What is required: Below this line are records; write out exactly the lines from the one containing "Casa à venda com 252m², 7 quartos e 3 vagas Casa" through the one containing "Bağcılar'da asker eğlencesine", with the pictures left out.

Records supplied:
********

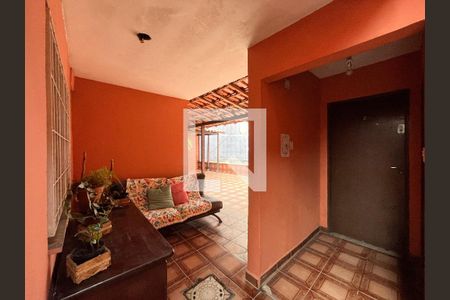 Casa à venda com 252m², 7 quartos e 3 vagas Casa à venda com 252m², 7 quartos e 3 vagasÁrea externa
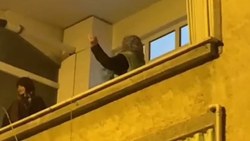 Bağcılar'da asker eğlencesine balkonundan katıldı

********

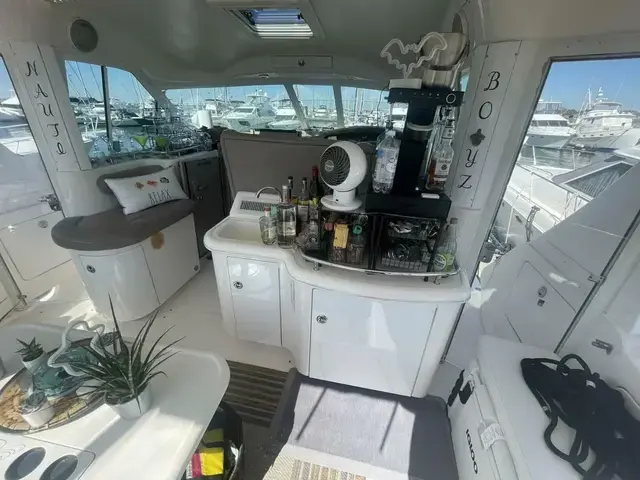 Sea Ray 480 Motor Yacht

********

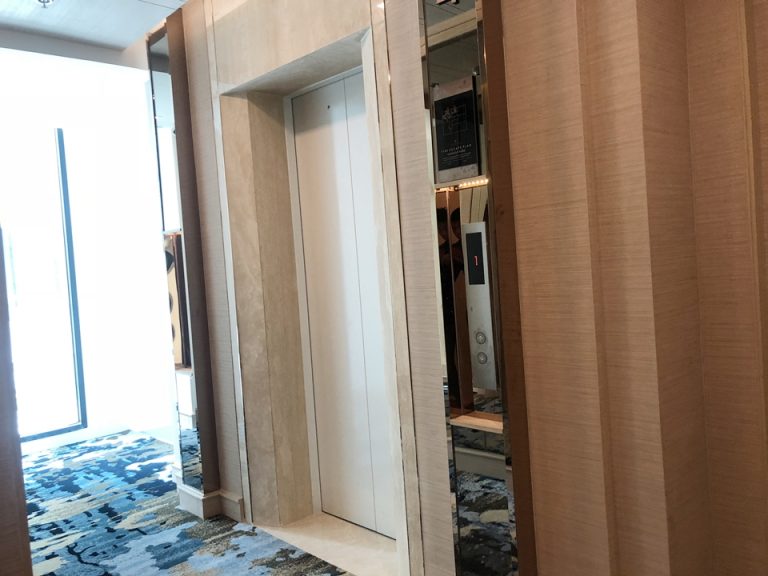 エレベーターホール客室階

********

Answer section:
 Casa à venda com 252m², 7 quartos e 3 vagas Casa à venda com 252m², 7 quartos e 3 vagasÁrea externa
 Bağcılar'da asker eğlencesine balkonundan katıldı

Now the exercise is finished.